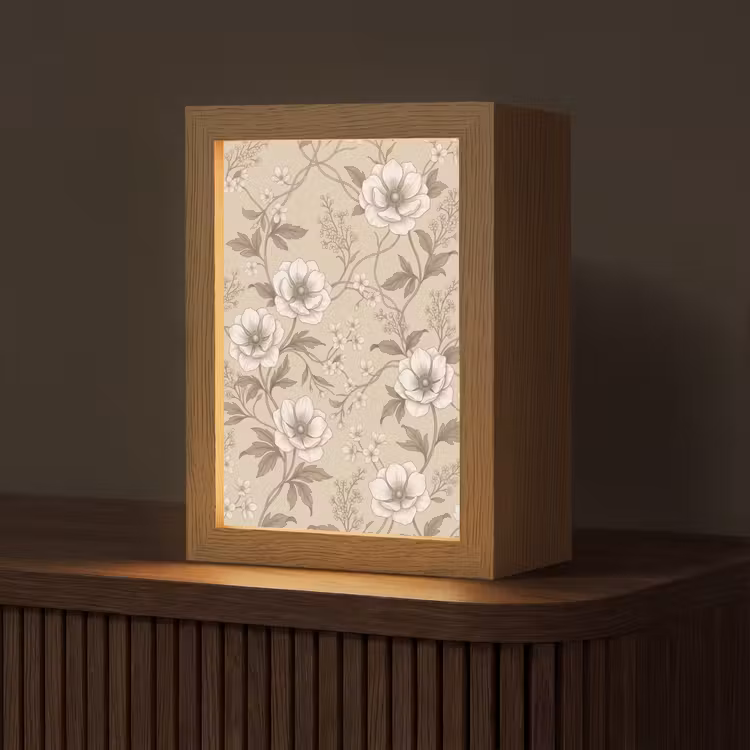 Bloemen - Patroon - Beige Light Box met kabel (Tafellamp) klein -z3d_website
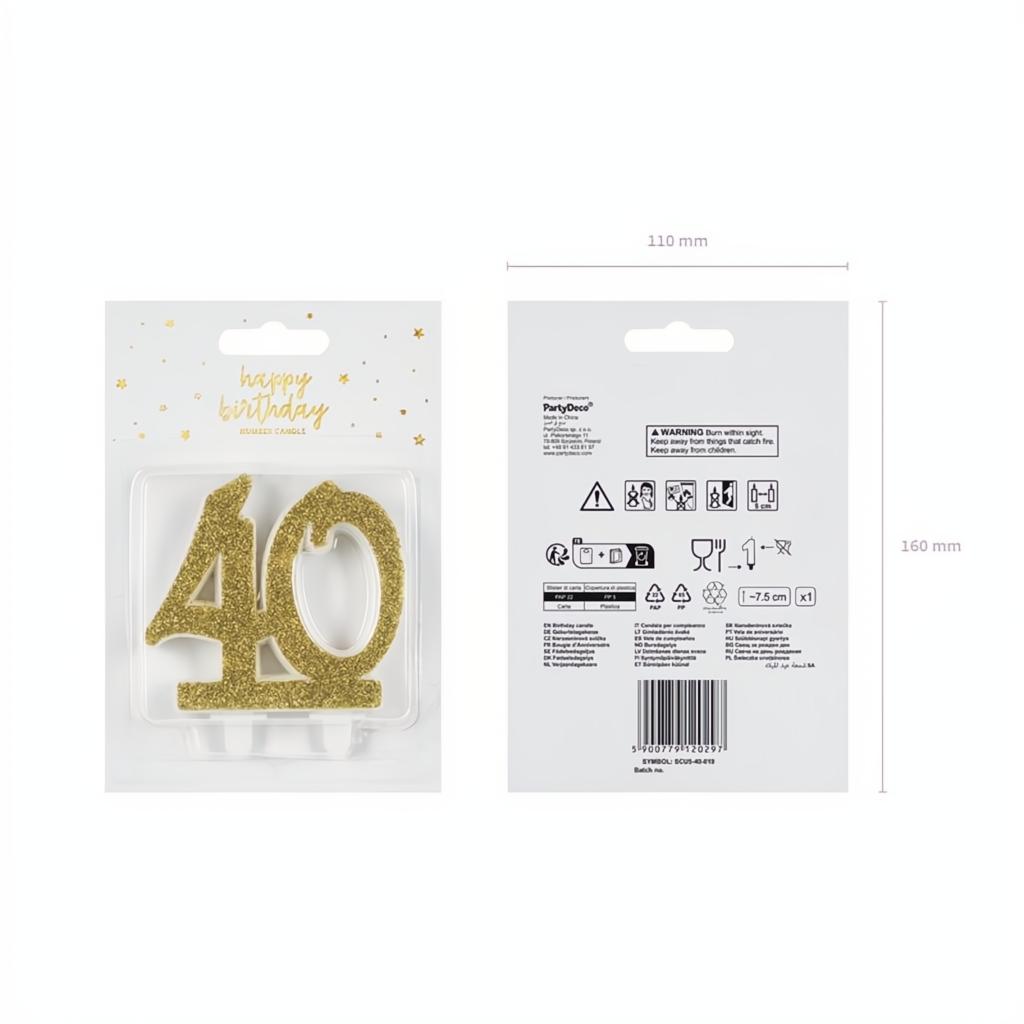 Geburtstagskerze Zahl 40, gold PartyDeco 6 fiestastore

================================

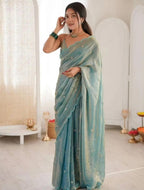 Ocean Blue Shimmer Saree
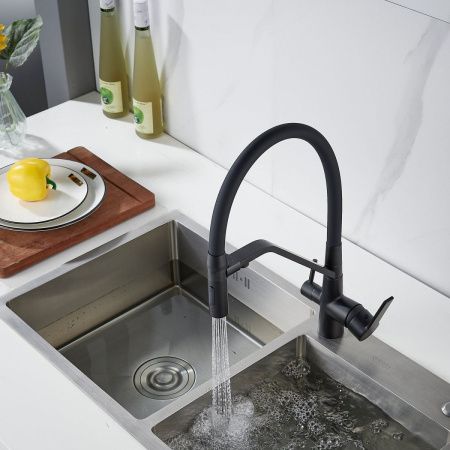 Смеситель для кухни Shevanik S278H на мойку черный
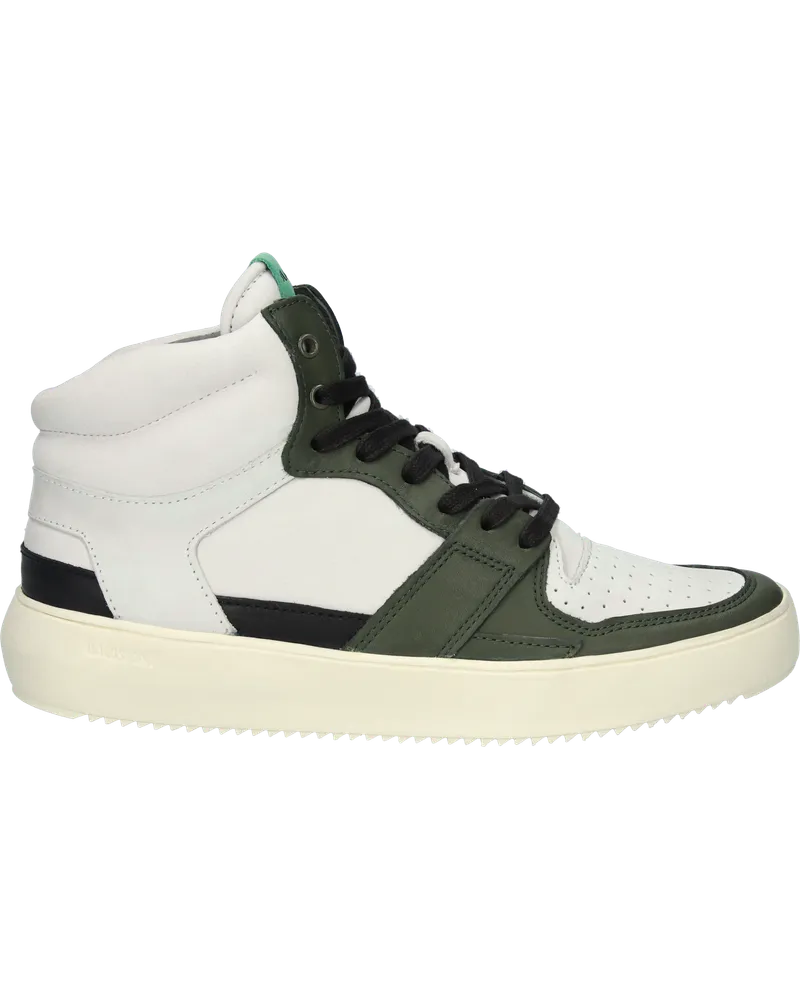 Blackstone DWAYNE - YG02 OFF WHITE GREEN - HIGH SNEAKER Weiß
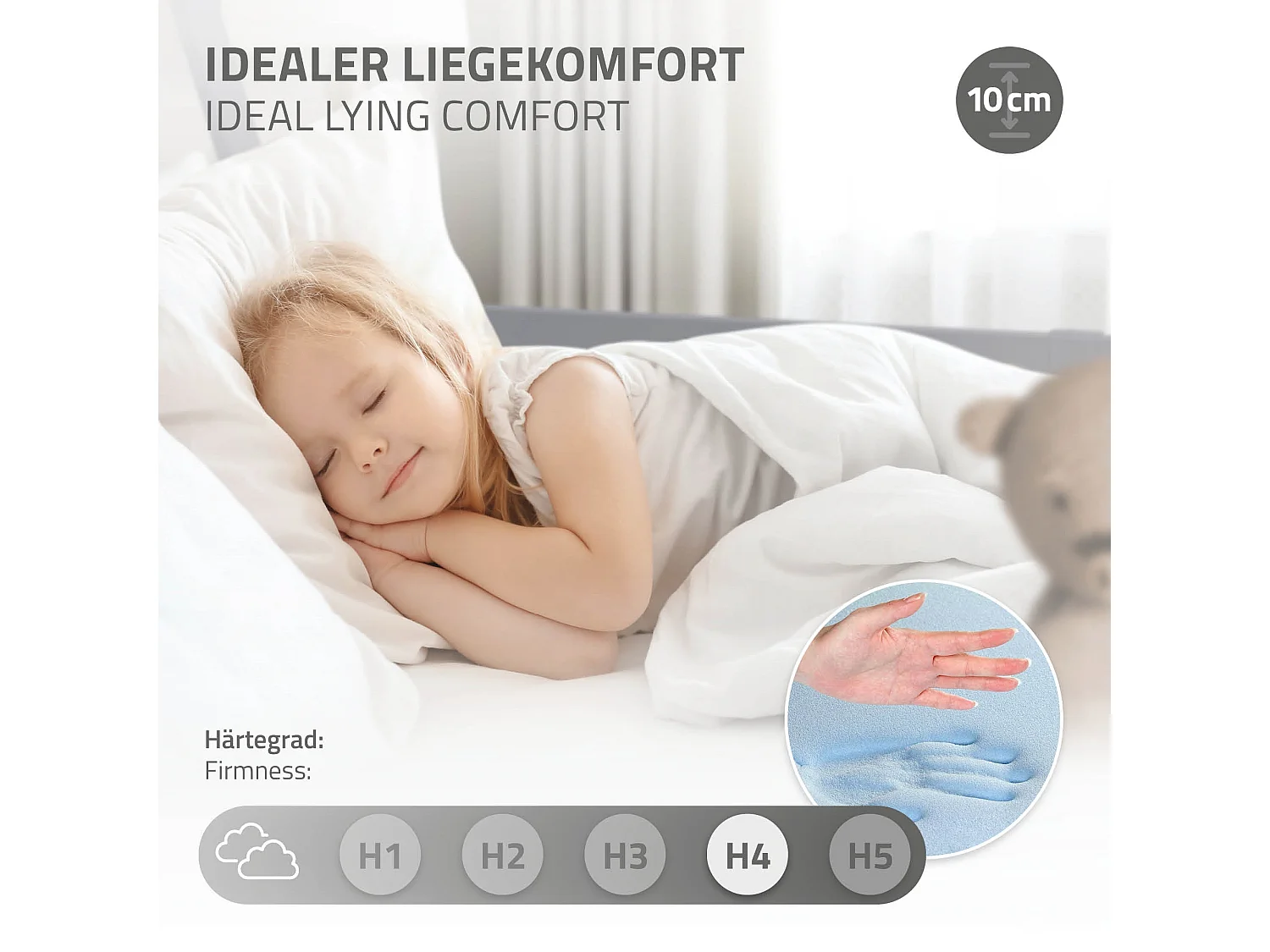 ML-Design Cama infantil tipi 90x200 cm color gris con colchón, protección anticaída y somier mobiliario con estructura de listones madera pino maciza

================================

Problem to solve »
In the data above, take the line with "Ocean Blue Shimmer Saree", the line with "ML-Design Cama infantil", and every line between, and set them down exactly without pictures.

Output of the exercise »
 Ocean Blue Shimmer Saree
 Смеситель для кухни Shevanik S278H на мойку черный
 Blackstone DWAYNE - YG02 OFF WHITE GREEN - HIGH SNEAKER Weiß
 ML-Design Cama infantil tipi 90x200 cm color gris con colchón, protección anticaída y somier mobiliario con estructura de listones madera pino maciza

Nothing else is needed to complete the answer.